- Original title: Der Unredliche in seinem Herzen
- Translator: Richard and Clara Winston
- Language: German
- Genre(s): Short story

Publication
- Published in: Briefe 1902-1924
- Media type: Print
- Publication date: 1958 (written 1902)
- Published in English: 1977

= Shamefaced Lanky and Impure in Heart =

"Shamefaced Lanky and Impure in Heart" (German: "Der Unredliche in seinem Herzen") is the title usually given to Franz Kafka's earliest surviving work of fiction, a short story that he wrote in 1902 and that has survived only because it was included in a letter to his friend Oskar Pollak.

==Background==
It is unclear whether "Shamefaced Lanky and Impure in Heart" was written for the letter, which Kafka sent to Pollack postmarked 20 December 1902, or if he had worked on it previously. All that Kafka writes about the story is that it is "new and hard to tell." It is similarly unknown whether Kafka considered publishing the story, or even thought of it as a stand-alone piece. The story has never been included in any collection of Kafka's fiction and appears only in Letters to Friends, Family, and Editors (German: Briefe 1902-1924), where it is embedded within the letter sent to Pollack.

==Plot==
The story describes a meeting between Impure in Heart, a dandy who lives in a big city "who got drunk night after night and was frantic night after night," and Shamefaced Lanky, a tall and awkward man who has "crept off to hide his face in an old village" and knits "woolen socks for the peasants." Impure in Heart talks to Shamefaced Lanky at length. At first, his words turn into finely dressed "little gentlemen" who make their way across the room and crawl into Lanky's ears. He goes on to tell Lanky "a merry mix" of stories while "stabbing his pointed cane into Lanky's belly" until he is content, then smiles and leaves.
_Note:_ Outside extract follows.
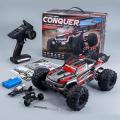 RC Car RC Off Road Car 4WD 50+kmh Crawler Remote Control 2.4G 1:16 RC car 4x4 Defender Crawler Model car Hobby Toy car Toys RC Vehicle four wheel Games Rc Vehicle. 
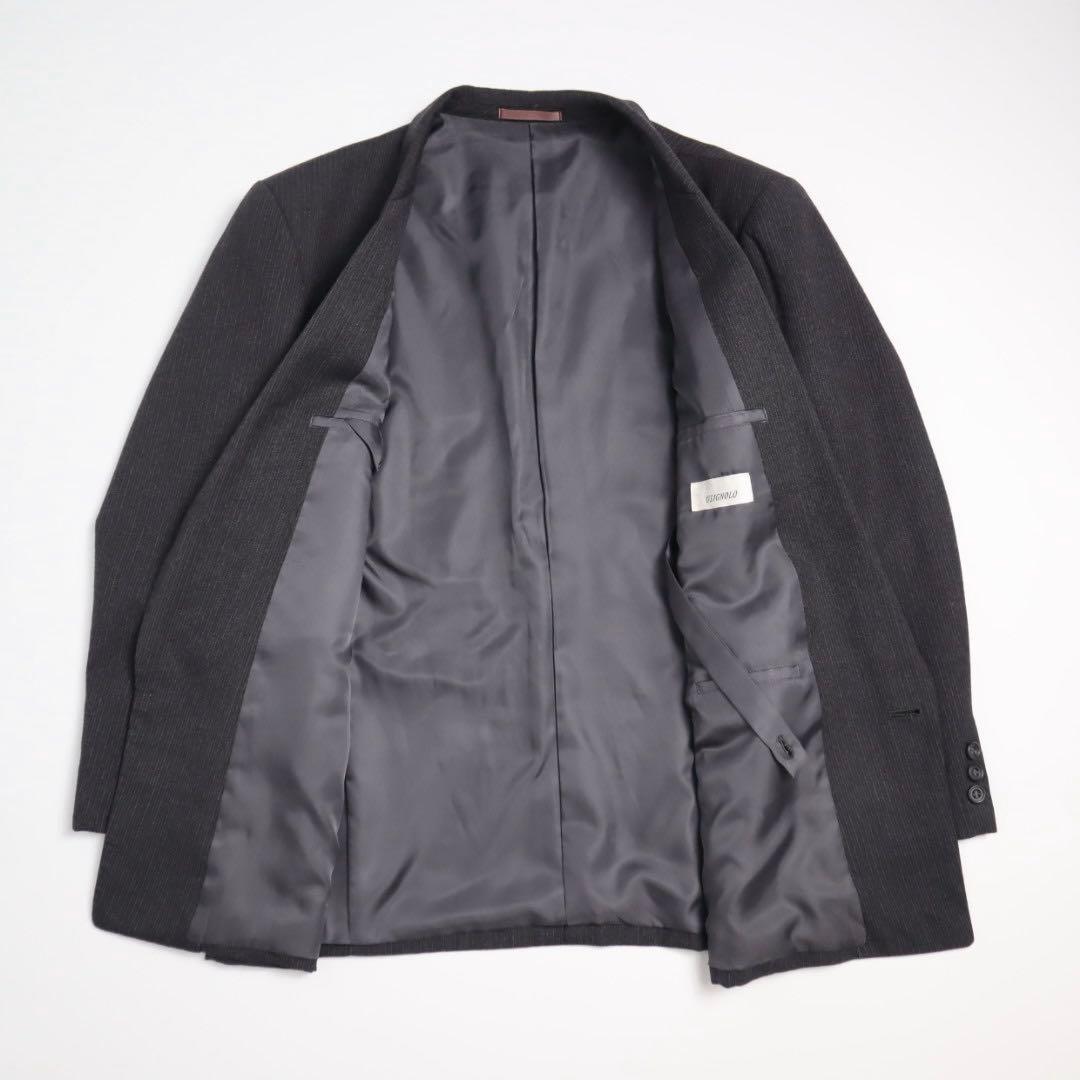 Vintage 80s 90s ダブルブレスト 2タック スーツ セットアップ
When Lanky is left alone he begins weeping and asks himself a series of questions about the visitor and himself, before finally returning to his knitting.

==Interpretation==
According to Kafka's close friend Max Brod:
Shamefaced Lanky is Kafka himself, while Impure in Heart is a portrait of his former classmate at the Gymnasium (high school), Emil Utitz (1883-1956), then a student of philosophy and a follower of Franz Brentano.
However, Frederick Robert Karl claims that Impure in Heart was intended to depict the letter's addressee Oskar Pollak, an assessment also endorsed by Sander L. Gilman, who saw the story as an outgrowth of Kafka and Pollak's "passionate relationship," which "stressed the rhetoric of the body in a homoerotic setting." Mark M. Anderson claims that this "tense, erotically charged encounter" anticipates a similar struggle between two modes of life in Kafka's "Description of a Struggle" and is notable for "the centrality of the city/country distinction and the allegorical use of clothing," motifs that reappear throughout his writing.